In February and March we ran a bug hunt contest. We asked people to download a small application and tell us any issue they found. We promoted the contest at PHPBenelux and PHP UK conferences and it was open to all residents of the EU. We got a large set of responses and, besides being able to determine a winner, we were able to get some interesting analytic data from the contest entries. I will share those later in this post. But first things first…

The Winners

We had 3 categories:

  • Juniors (0-3 years of PHP experience)
  • Experienced developers (3-5 years) and
  • Seniors (5+ years)

Points are awarded for bugs found and/or fixed, where the amount of points ranges from 0.5 to 2 depending on how difficult it is to find something. In each category, the highest scoring contestant is the category winner and in the three categories, we’ve randomly selected (using a dice) who would get the Ipad and who would get the Dutch PHP Conference tickets.

The top 3 in each category:

Seniors

Position Name Score
1 Jani Hartikainen (Finland) 37
2 Joshua Thijssen (Netherlands) 28.5
3 Jeroen Keppens (Belgium) 28

Experienced

Position Name Score
1 Dominic Hull (United Kingdom) 26
2 David Winterbottom (United Kingdom) 22.5
3 Attilla Nyeste (Hungary) 21.5

Juniors

Position Name Score
1 Matt Haynes (United Kingdom) 20.5
2 Tom van Looy (Belgium) 17
3 Anthony van de Gejuchte (Belgium) 16.5

The dice determined that the winner of the Ipad is…. Jani Hartikainen! Congratulations Jani, your score indicates you are a clear winner; have fun with the Ipad! And Dominic and Matt, congratulations and have fun at the Dutch PHP Conference!

The Analysis

The contest gave some interesting insights. One was the clear difference between junior, mid-level and senior developers as can be seen in the results above. If we look further than the top three, then we can see that there are seniors that score lower than mid-level developers, and mid-level developers that score lower than junior developers, but on average, the quantity of bugs found reflected the skill level.
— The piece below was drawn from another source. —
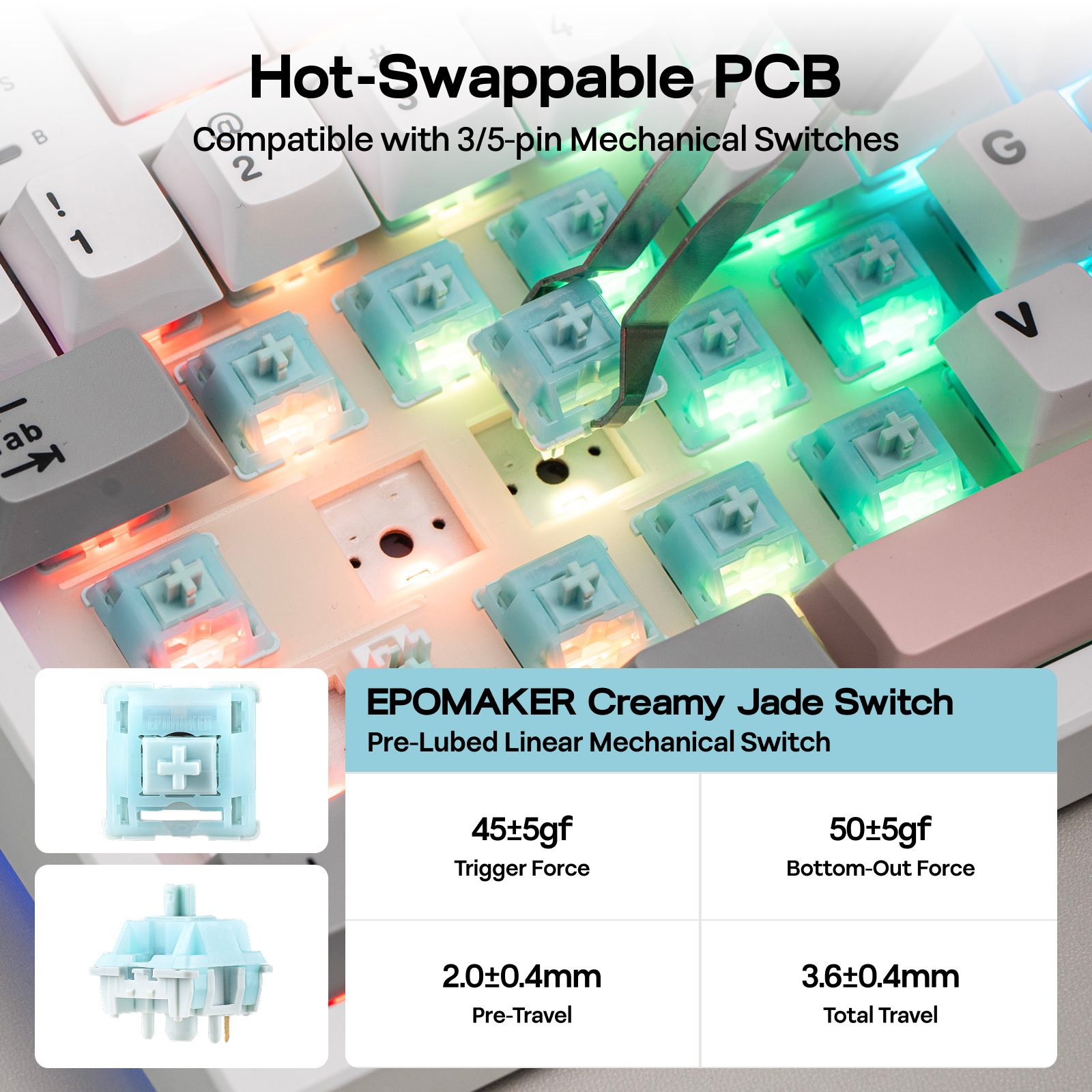 EPOMAKER TH87 87% TKL ANSI US Layout Hot-Swap Tri-Mode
This is why we had categorised the contest, to give less experienced developers an equal chance of winning.

Looking over the results, it is also clear that senior developers paid more attention to non-syntax related things, such as decoupling, mixed responsibilities, architecture, and consistency in error checking, where as the less experienced developers focused mostly on the syntactical or logical errors. This was expected, but it’s nice that the results confirm this. Interestingly some seniors tended to ignore some of the more detailed code bugs. Senior developers often look at the code from a higher level but it’s interesting to see that this sometimes means that code errors are overlooked.
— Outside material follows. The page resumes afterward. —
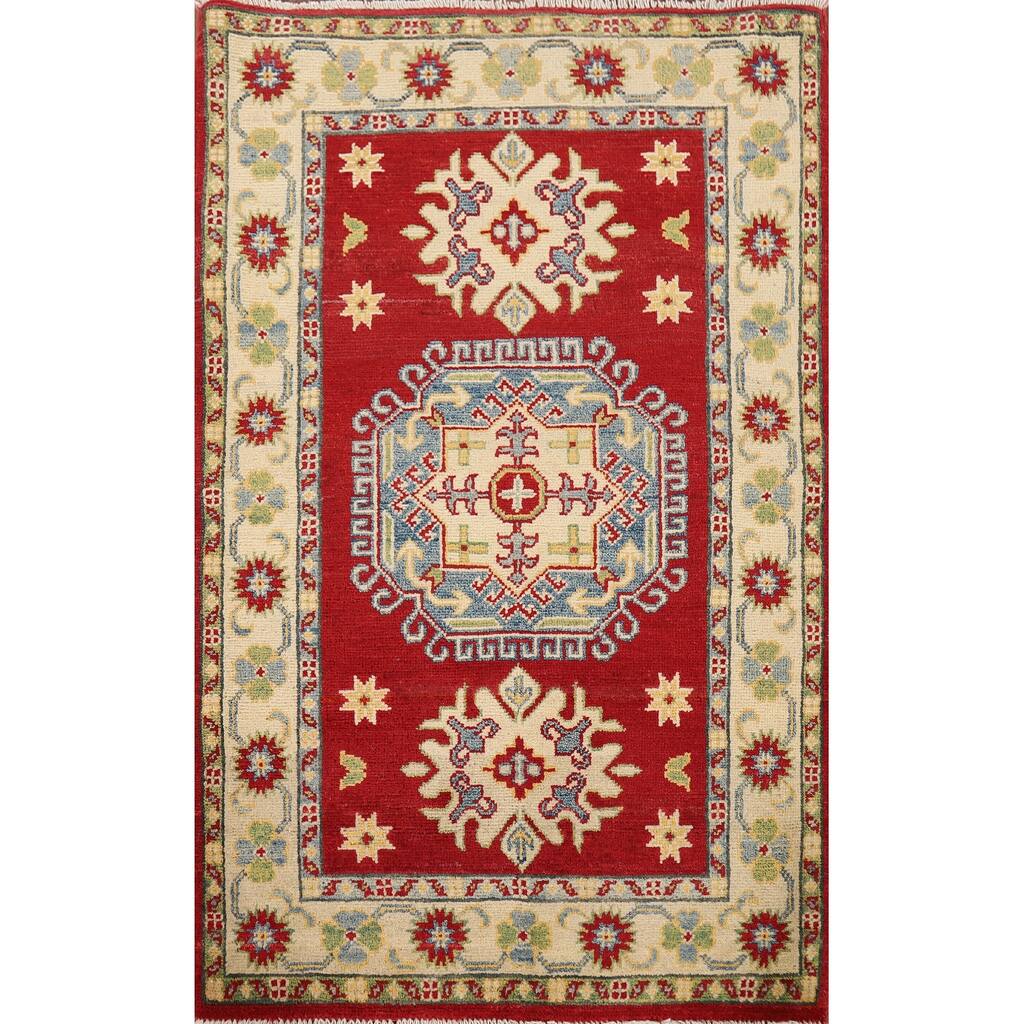Red Kazak Foyer Rug Handmade Traditional Wool Carpet - 2'9" x 4'1"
A final interesting conclusion is that the contest demonstrates that code reviews work. None of the contestants found all bugs that we’ve hidden in the application (the maximum score to be achieved was 54, and even Jani only scored 37). Similarly, there was no bug that was caught unanimously. Every bug was missed by at least one reviewer. On the other hand, all of the contestants combined did find all of the bugs, and managed to find 5 bugs that we did not intentionally put in! This proves the old open source adagio “Given enough eyeballs, all bugs are shallow”.

The Bugs

Below is a list of all the bugs that were hidden in the application. I’ve also added a few comments where we received interesting responses. The percentages between parentheses indicate how many of the contestants found that particular bug. If you don’t remember the code, you can still download it.

HTML
The HTML in the application contained numerous bugs. There was no doctype/encoding (41%), the semantics were wrong since it used strong instead of h1 and a mix of strong/b tags (21%); also HTML and XHTML were mixed (38%). Some people argued that it would be better to use POST instead of GET (20%) for various reasons (Security was mentioned, performance (?), cleaner urls). Considering W3′s recommendations, GET is the better choice here. We however did award half a point to people with a good reason why it should be POST. Another thing people mentioned was that PHP and HTML code should be separated (40%) or even that PHP should be kept out of the document root (1 contestant). Finally the </html> tag was missing (50%).

Security
The security issues were rather obvious. There was no input validation (25%) and no output escaping (58%). There was little scope to abuse the input which explains the lower percentage there, still I had hoped more people would have mentioned output escaping.

Syntax errors/typos
There was a syntax error in one of the array definitions: “newbie”, “noob” instead of “newbie”=>”noob” (70%). The date format used “H:m:s” to display time; m is for month, i is for minutes. (“Ymd” was used in the same format string, still only 33% caught the bug). Line 61 contained an ‘assignment instead of comparison’ (= was used in stead of ==, 79%). Sneakily, the same line also had missing quotes around the constant ‘s’ (45%). In decryptString, 2 was encoded to ‘k’ which should’ve been ‘z’ (67%). Also in decryptString, the first bit of the function operated on the $string variable while the second bit used the $result variable, ignoring any changes made to $string (54%). Leetchar had a long list of if-statements checking the $result variable, but one of them used $return instead (42%).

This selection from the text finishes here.